* [WORK INSTRUCTION] From the entries that follow, reproduce exactly and only the lines from the line with "Toyota C-HR (2020) thumbnail 7" to the line with "Matte Sand Horn Buttons - 14mm", endpoints included.

* [RECORDS PROVIDED]
☆ ☆ ☆ ☆ ☆

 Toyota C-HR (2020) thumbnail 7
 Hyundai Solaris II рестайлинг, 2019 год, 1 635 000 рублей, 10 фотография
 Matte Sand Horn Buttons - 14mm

☆ ☆ ☆ ☆ ☆

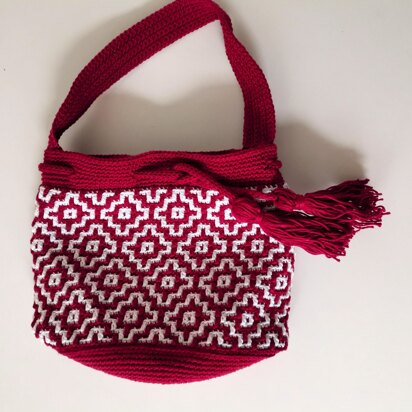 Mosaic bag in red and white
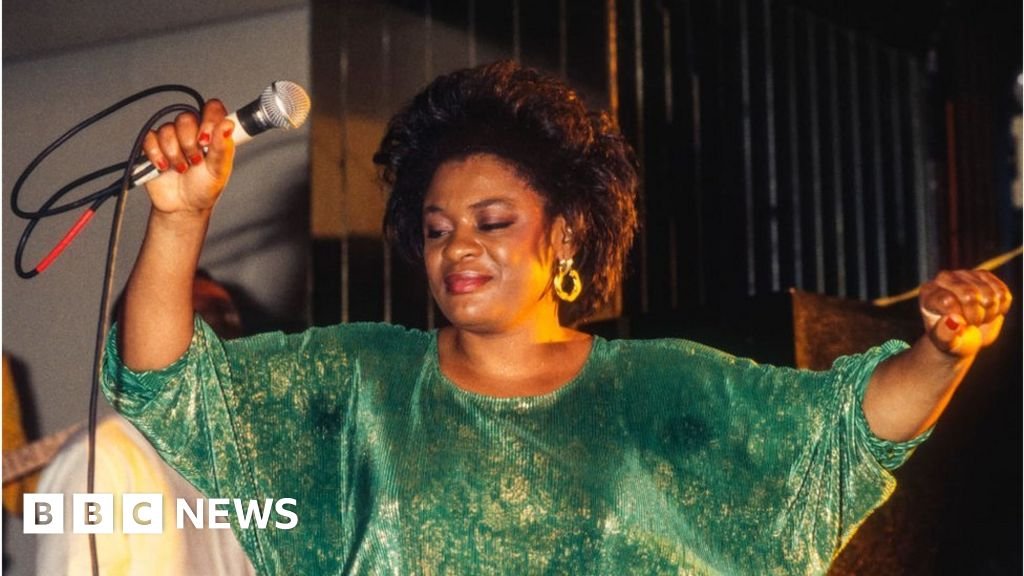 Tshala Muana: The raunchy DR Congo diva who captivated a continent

☆ ☆ ☆ ☆ ☆

* [RESPONSE AREA]
 Toyota C-HR (2020) thumbnail 7
 Hyundai Solaris II рестайлинг, 2019 год, 1 635 000 рублей, 10 фотография
 Matte Sand Horn Buttons - 14mm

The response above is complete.